Posted by Jonathan Maus ( Publisher/Editor ) on December 1st, 2005 at 8:53 am
Don’t miss this article by Jeff Mapes in today’s “inPortland” section of the Oregonian. Jeff (who is working on a book about how bikes are transforming cities around the world) accompanied the delegation of local bike advocates that went to Netherlands last month.
This discussion comparing Portland and Amsterdam is very intriguing to me. The article also gives insight into the thinking of the people that shape policies that affect our experience as cyclists in this city. Here are some of the quotes that stood out for me:
This one reminds us that our representatives were hard at work, not hardly working:
“Unlike many Amsterdam tourists, they (the Portland delegation) gawked at actual red lights, not the red-light district.”

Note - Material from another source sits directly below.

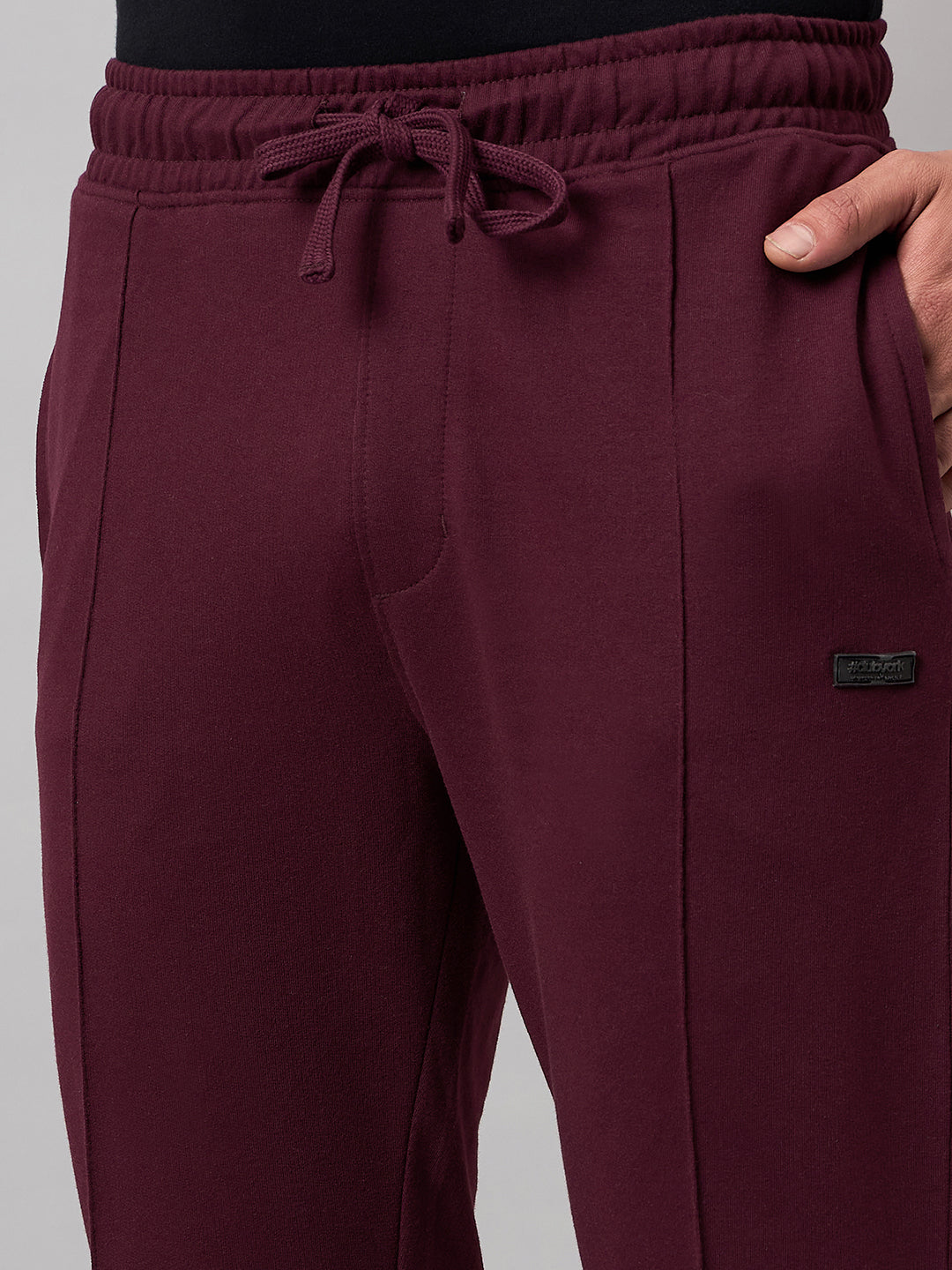 Wine Solid Track Pant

This quote came from Sam Adams. It’s great to see he understands that we should go beyond anti-car rhetoric in our effort to get people out of cars:
“It’s not a question of browbeating single-occupancy drivers into submission. It’s developing options that are better.”
And here’s the word from a traffic safety expert in Amsterdam. And I’ll add that it is precisely the same point I make when people start complaining that bikes break traffic laws:
“When the speeds are low, the consequences are not severe,”
And this quote speaks to a fundamental difference in our laws and cultures:
“Dutch drivers can’t get a license until they are 18, and they have to spend thousands of dollars for instruction. They’re also assumed to be at fault if they collide with a pedestrian or bicyclist.”
And here’s my favorite quote. It comes from an Amsterdam traffic safety officer and echoes my argument about equal enforcement of bike and motor vehicle traffic laws:
“You can’t change that biker behavior,” he says, adding that the Dutch focus their resources on motorists because they do the most damage.
One final note. We’re lucky to have a guy like Jeff Mapes in a senior writing position at the Oregonian. This guy is the real deal and he completely understands the importance and potential of bikes to a healthy and sustainable future for our city. We’ll definitely be hearing more from him in the future.